The Irish famine was the greatest social disaster to befall any European state in the nineteenth century. But the new Whig government that took over from Peel, led by Lord John Russell, proved inadequate to the task. By the Soup Kitchen Act of 1847 Parliament finally voted £10 million to help Ireland. Thus more than three million men, women and children received food from the soup kitchens. But the humanitarian aid ceased long before it should have done. At the end of 1847 the British government decided that the Irish should thenceforth be supported by their local parish unions. Yet, with the economy destroyed, there were no rates to pay for that support. The official British view was that if any further help was given to the Irish it would make them too dependent on government aid. It was the same mindset which had turned workhouses into forbidding places to keep the poor out of them.

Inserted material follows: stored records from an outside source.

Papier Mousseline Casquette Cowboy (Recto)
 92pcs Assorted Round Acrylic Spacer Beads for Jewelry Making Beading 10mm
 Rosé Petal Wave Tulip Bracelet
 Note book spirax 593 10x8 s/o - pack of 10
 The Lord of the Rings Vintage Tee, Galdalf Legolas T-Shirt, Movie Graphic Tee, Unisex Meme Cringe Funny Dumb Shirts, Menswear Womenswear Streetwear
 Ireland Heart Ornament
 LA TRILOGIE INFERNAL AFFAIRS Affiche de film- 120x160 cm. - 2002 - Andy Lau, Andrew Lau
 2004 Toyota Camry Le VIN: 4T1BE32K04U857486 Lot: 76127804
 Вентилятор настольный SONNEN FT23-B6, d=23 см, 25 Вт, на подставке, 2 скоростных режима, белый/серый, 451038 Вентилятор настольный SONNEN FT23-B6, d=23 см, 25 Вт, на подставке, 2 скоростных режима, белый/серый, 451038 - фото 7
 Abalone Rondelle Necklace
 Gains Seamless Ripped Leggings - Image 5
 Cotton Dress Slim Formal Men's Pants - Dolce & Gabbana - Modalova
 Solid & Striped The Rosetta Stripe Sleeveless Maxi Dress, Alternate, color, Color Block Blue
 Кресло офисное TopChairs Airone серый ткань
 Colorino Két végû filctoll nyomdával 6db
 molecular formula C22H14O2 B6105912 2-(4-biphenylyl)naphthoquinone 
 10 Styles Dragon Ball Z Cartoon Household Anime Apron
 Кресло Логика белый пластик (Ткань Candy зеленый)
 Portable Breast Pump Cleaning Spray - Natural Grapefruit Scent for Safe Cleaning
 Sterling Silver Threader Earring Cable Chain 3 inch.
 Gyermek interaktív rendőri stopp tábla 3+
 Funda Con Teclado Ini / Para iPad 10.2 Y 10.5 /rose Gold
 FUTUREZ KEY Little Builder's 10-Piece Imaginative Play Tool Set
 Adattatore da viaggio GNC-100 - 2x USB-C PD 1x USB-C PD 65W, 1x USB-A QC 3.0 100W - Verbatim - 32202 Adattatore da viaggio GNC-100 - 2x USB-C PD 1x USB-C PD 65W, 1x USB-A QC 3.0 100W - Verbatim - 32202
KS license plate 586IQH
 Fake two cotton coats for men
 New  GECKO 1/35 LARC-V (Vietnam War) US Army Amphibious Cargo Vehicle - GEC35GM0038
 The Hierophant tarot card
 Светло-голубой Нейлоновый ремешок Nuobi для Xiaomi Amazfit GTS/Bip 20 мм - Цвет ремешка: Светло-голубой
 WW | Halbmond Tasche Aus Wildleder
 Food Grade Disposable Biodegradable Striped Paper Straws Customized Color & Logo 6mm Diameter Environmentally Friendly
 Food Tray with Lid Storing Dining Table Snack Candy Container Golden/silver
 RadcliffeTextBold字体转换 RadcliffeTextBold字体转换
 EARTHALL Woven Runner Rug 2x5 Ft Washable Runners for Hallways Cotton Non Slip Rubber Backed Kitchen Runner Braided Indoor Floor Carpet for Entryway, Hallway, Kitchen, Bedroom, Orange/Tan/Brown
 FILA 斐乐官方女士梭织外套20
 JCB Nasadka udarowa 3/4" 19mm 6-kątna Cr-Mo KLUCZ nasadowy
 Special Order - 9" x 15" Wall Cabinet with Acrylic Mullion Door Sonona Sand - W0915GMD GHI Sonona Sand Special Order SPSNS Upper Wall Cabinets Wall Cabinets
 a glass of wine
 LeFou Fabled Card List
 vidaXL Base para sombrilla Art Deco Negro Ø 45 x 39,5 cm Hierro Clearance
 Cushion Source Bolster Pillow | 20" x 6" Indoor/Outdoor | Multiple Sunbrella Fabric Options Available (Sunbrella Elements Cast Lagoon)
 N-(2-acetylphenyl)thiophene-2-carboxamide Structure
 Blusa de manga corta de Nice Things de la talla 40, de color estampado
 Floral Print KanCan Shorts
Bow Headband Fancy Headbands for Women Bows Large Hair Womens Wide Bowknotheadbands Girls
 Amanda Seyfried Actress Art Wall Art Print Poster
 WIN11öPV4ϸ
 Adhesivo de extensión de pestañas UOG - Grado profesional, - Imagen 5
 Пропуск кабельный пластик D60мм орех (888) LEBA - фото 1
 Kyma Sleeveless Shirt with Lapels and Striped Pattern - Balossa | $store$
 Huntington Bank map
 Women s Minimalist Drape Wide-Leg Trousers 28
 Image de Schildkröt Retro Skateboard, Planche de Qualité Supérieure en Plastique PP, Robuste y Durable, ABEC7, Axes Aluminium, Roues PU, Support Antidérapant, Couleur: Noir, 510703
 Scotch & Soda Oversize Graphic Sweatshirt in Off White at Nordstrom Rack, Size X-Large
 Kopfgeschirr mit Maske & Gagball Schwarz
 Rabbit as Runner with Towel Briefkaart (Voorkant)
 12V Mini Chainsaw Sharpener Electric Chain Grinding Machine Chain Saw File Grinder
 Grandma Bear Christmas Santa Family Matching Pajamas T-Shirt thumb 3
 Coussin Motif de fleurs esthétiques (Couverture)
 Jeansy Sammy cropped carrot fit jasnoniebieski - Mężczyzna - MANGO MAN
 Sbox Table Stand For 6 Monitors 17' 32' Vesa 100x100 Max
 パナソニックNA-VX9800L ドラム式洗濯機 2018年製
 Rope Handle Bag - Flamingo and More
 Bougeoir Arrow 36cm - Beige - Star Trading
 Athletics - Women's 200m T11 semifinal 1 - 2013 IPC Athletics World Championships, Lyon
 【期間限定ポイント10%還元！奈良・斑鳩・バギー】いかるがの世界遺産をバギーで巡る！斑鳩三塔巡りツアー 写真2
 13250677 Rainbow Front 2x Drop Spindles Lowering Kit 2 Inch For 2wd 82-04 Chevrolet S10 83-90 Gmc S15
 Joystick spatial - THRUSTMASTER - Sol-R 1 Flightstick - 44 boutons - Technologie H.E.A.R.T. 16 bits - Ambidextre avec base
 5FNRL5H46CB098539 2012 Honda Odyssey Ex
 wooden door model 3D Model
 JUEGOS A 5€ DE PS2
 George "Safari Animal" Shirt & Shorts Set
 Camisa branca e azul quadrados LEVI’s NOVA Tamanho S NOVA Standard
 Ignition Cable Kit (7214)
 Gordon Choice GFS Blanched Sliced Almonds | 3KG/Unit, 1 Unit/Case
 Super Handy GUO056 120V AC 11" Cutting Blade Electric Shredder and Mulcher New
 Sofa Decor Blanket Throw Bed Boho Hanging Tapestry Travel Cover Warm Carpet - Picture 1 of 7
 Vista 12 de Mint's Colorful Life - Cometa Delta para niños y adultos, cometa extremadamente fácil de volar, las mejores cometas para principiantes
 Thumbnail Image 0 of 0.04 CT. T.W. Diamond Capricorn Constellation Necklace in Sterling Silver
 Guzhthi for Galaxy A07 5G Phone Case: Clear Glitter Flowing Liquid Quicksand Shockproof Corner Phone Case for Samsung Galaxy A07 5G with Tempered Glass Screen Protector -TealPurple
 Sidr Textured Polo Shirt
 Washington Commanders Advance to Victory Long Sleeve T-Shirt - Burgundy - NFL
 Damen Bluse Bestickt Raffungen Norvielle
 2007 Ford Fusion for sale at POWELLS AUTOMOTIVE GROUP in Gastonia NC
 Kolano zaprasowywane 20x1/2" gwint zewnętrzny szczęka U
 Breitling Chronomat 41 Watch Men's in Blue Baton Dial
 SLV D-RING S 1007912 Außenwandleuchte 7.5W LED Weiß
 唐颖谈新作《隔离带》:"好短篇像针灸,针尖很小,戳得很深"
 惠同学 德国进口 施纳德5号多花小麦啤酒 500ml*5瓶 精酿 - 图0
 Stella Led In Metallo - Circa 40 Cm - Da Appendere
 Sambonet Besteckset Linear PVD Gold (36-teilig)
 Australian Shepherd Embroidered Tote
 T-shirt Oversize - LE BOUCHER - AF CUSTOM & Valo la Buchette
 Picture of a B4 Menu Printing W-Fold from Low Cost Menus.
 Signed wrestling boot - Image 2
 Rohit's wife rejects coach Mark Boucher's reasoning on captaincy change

Most landlords behaved with astonishing callousness. Far from being appalled by the sight of men, women and children dying around them, their agents only registered missing rents. What was of concern to themselves and their employers was that the cottar system of farming–the smallholder with a couple of fields–was proving unprofitable. A ruthless series of evictions began. At mid-century it was averaging almost 20,000 families per year, as landlords incorporated many smallholdings into larger ones on English lines. A constant kind of guerrilla warfare against landlords was the response of those who remained. In 1848 there was another failed attempt at rebellion under the Young Ireland movement, which had been resurrected under a man named Smith O’Brien. But the most frequent reaction of the Irish to their homeland’s ills was to abandon her.

Sure that things would never get better in their lifetime, during the course of the next fifty years one million Irishmen and women bitterly made their way to the friendlier shores of the United States of America. They settled predominantly on the eastern seaboard, particularly around Boston. As important as their pitifully scant belongings was the loathing they carried in their hearts for the English. It was sealed in blood by the famine, and persists among their descendants even today. The treatment of the Irish during the famine by the English is taught in some American schools as an act of genocide, the deliberate murder of a people.